Conclusion: Different testing methods at least shows that Scopus definitely is important when searching citations for articles published from 1996. Due to inconsistencies in Google Scholar its not suggested as a single usable tool for citation search.

In several of his writings, Peter Jacso has indicated the inconsistencies of Google Scholar. One important flaw is the citation search. Both his web published paper "Google Scolar and The scientist" and the article "As we may search" published in Current Science 2005 (please see References to literature) discuss the problems.

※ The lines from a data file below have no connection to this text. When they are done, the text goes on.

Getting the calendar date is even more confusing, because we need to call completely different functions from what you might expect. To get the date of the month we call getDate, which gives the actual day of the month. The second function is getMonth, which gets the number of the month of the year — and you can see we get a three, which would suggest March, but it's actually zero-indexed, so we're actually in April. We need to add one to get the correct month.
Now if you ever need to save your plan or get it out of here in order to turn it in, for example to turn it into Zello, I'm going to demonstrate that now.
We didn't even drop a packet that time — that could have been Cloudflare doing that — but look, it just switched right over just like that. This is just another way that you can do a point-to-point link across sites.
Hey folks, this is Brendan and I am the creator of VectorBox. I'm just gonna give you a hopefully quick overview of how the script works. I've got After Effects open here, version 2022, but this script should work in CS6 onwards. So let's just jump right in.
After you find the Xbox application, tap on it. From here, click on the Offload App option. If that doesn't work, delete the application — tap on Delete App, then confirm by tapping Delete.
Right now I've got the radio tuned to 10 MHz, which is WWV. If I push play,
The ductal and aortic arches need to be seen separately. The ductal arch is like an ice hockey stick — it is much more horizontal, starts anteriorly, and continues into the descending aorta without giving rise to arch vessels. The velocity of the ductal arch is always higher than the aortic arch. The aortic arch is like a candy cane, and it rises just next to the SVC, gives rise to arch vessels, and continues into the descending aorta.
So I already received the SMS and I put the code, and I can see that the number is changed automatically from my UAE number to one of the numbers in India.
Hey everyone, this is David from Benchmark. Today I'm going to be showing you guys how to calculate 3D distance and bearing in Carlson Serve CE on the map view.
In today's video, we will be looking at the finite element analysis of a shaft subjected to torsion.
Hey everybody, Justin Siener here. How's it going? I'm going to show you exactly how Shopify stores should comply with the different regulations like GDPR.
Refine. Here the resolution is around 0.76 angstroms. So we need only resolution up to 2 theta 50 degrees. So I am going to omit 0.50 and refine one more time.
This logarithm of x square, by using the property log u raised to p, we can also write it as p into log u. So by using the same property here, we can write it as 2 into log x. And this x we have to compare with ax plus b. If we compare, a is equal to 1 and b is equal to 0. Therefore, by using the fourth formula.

My testings indicates less inconsistencies than before, but still they exist. The article "An Examination of Citation Counts in a New Scholarly Communication Environment" published in D-Lib magazine September 2005 Vol. 11, No. 9. by Kathleen Bauer et al at Yale University Library made some comparisions of the average number of times an article is cited. They checked the citation frequency of each article for a certain year, in this case both 1985 and 2000, in the Journal of the American Society for Information Science and Technology (JASIST). The search for 2000 showed Google Scholar had 4.5 more citations than Web of Science and 3.9 more citations than Scopus. But searching 1985 Web of Science had 8.7 more citations than Google Scholar and Google Scholar had "just" 2.9 more citations than Scopus. The major shortcoming in this article is that they never analyzed the inconsistencies with Google Scholar citation Search. The citation count doesn't always work properly. Here's an example of a record that indicates Cited by 15 (other sources):

When clicking this link Cited by 15 you will find only 14 citations:

Here's another example of an article by P Jacso himself. Cited by 3 sources according to Google Scholar:

When clicking this link Cited by 3 you will find only 2 citations:

This search on semiconductors is an example from Jacso. In this reference it seems like the article is published 2006, but checking the source shows it's published 1990 and 2006 is the starting page of the article:

Jacso has also pointed out the flaws of duplication in his article "As we may search" in Current Science. Google Scholar works hard with the ability to cluster duplicate articles together. If you look at the preceding screenshot after the title you see the link group of 3>>. Clicking that link shows you 3 duplicates. Because Google Scholar indexes not just peer-reviewed journal articles, but preprint archives, conference papers, master thesis, webpublished materials etc you understand they have a hard problem to discover duplicates.

Here's an example. Searching sojka modeling drop size distributions gives as the first hit an article by Bainsky and Sojka with title "Modeling drop size distributions". That article should be Cited by 7 other sources according to Google Scholar.

By clicking Cited by 7 you find 7 hits but two of them are duplicates. View the two titles "Modeling Spray Impingement using Linear Stability Theories for Droplet Shattering". Though the first title has a link to group of 2>>.

Conclusion: Don't trust the Google Scholar citation counting without manually checking it for inconsistencies in terms of counting and clustering duplicates.